Secretary-General António Guterres told the council that everything must be done to prevent an escalation. “The alternative,” he warned, “is a potential wider conflict with grave consequences for civilians and regional stability.”
Guterres said the U.S. and Israeli airstrikes violated international law, including the U.N. Charter. He also condemned Iran’s retaliatory attacks for violating the sovereignty and territorial integrity of Bahrain, Iraq, Jordan, Kuwait, Qatar, Saudi Arabia and the United Arab Emirates.
The U.S. ambassador to the United Nations, Mike Waltz, insisted the U.S. military action was lawful.

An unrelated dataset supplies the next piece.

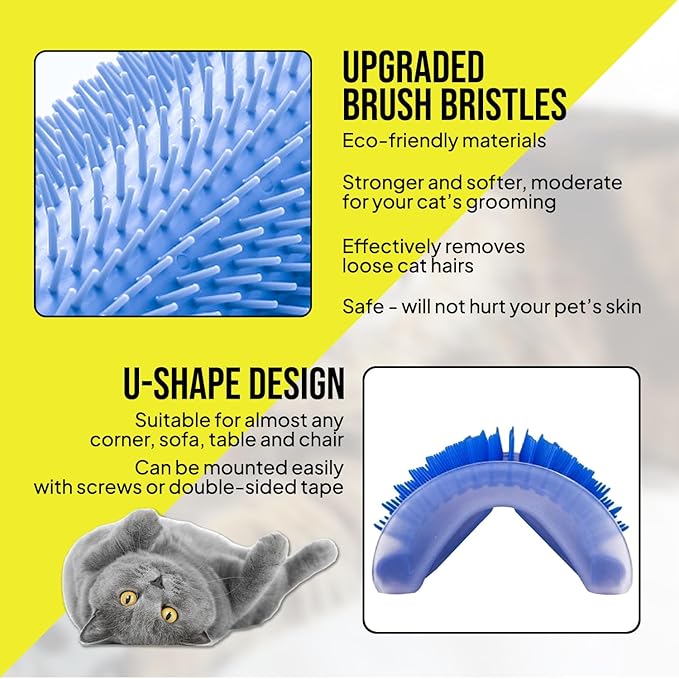 Cat Self Groomer – Wall Corner Grooming Brushes for Cats and Small Pets – Soft Massage Brush for Shedding Control and Face Rubbing (Dark Blue)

“Iran cannot have a nuclear weapon,” he told the council. “That principle is not a matter of politics. It’s a matter of global security. And to that end, the United States is taking lawful actions.”

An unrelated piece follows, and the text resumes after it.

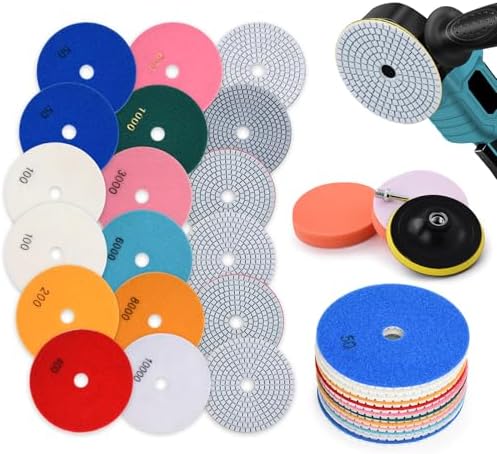 5 Inch Wet/Dry Diamond Polishing Pads Set with 5/8’’-11 Backer Pad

Israel’s U.N. Ambassador Danny Danon defended the airstrikes as necessary to stop an existential threat.
“We are stopping extremism before it becomes unstoppable,” he said. “We will ensure that no radical regime armed with nuclear weapons and ballistic missiles can threaten our people or the entire world.”

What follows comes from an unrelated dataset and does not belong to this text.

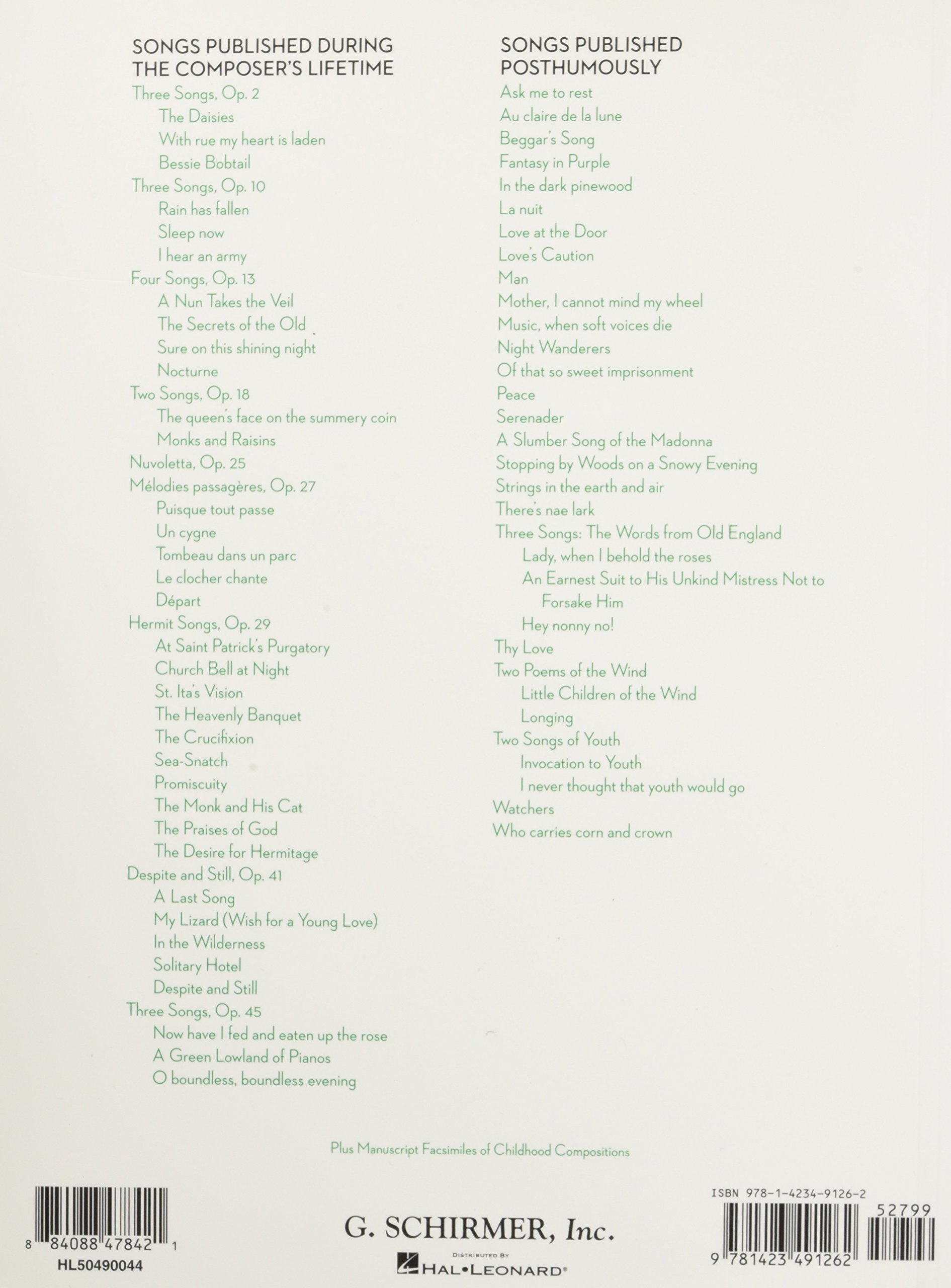 Samuel Barber 65 Songs For Hight Voice Book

Amir Saeid Iravani, Iran’s ambassador to the U.N., told the council that the airstrikes have killed and injured hundreds of Iranian civilians, which he called a war crime and a crime against humanity.
He blasted the U.N. and the Security Council, its most powerful body, for not heeding Tehran’s warnings about the “warmongering statements” by the U.S. in recent weeks and urged the council to act now.

“The issue before the council is straightforward: whether any member state may, including a permanent member of this council, through the use of force, coercion or aggression, determine the political future or system of another state or impose control over its affairs,” Iravani said.
During his speech, the Iranian diplomat did not mention or comment on President Donald Trump’s statement that Supreme Leader Ayatollah Ali Khamenei was killed in the strikes, although Iranian state media later confirmed his death. The assassination of the second leader of the Islamic Republic, who had no designated successor, raised the prospects of a protracted conflict given Iranian threats of retaliation.
Iranian and US ambassadors have tense back-and-forth
In a rare exchange, the U.S. and Iranian ambassadors traded warnings and direct rebuffs toward the end of the emergency session as military aggression between their countries risked spilling into a regional war.
After Waltz responded to Iranian claims that the U.S. had violated international law, Iravani asked to speak again to issue a warning: “I advise to the representative of the United States to be polite. It will be better for yourself and the country you represent.”
Waltz responded immediately, saying, “This representative sits here, in this body, representing a regime that has killed tens of thousands of its own people, and imprisoned many more, simply for wanting freedom from your entire tyranny.”